Work instructions | Once the line holding "Poster - Red Roses With White Roses" is found in the entries below, restate it and each line after it word for word, with no pictures.

Data |
%%

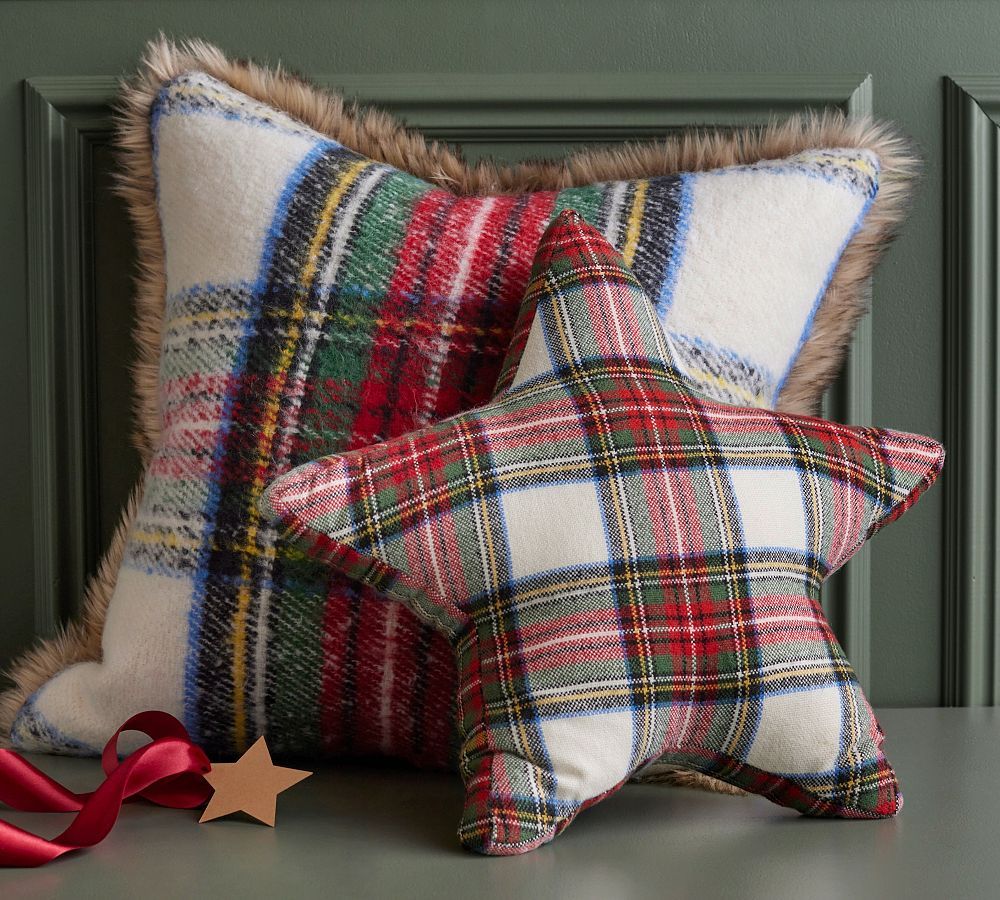 Stewart Plaid with Faux Fur Back Pillow | Pottery Barn (US)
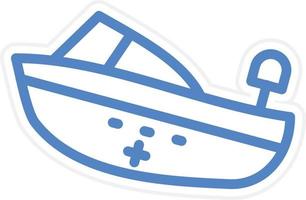 Rescue Boat Vector Icon Style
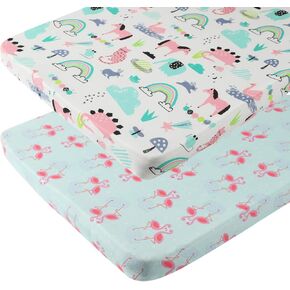 Travel Crib Fitted Sheets Set 3 Pack Compatible with Baby Bjorn, Guava Lotus Travel Crib and 24 x 42 Inch Travel Light Playard Mattress Ultra Soft Jersey Material,Rocket Satellite,Car & Bus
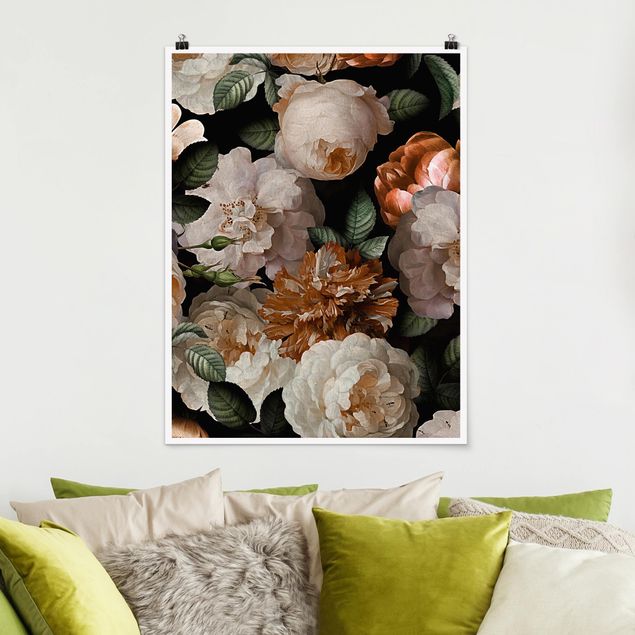 Poster - Red Roses With White Roses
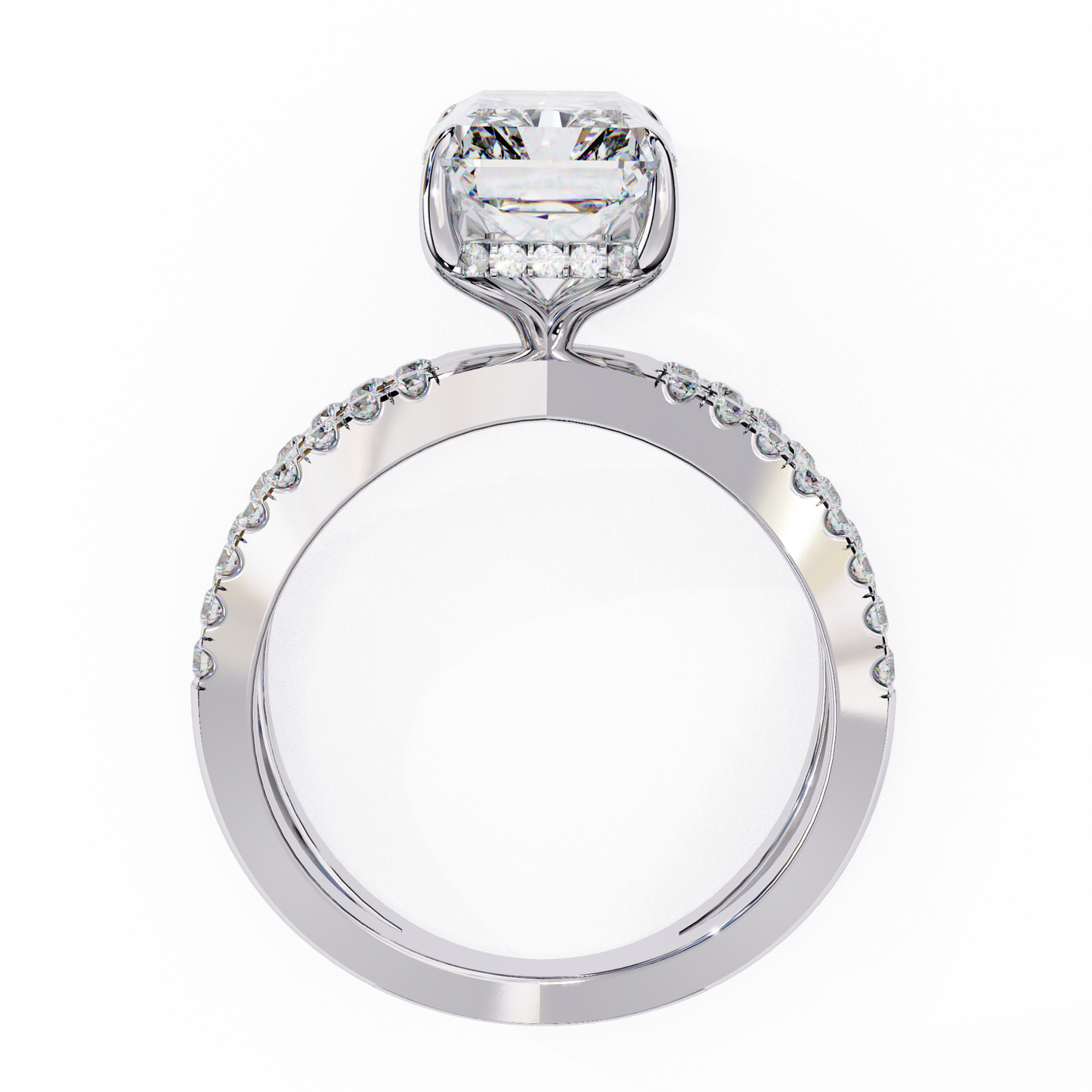 elysia lab grown diamond emerald crisscross ring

%%

Response below |
 Poster - Red Roses With White Roses
 elysia lab grown diamond emerald crisscross ring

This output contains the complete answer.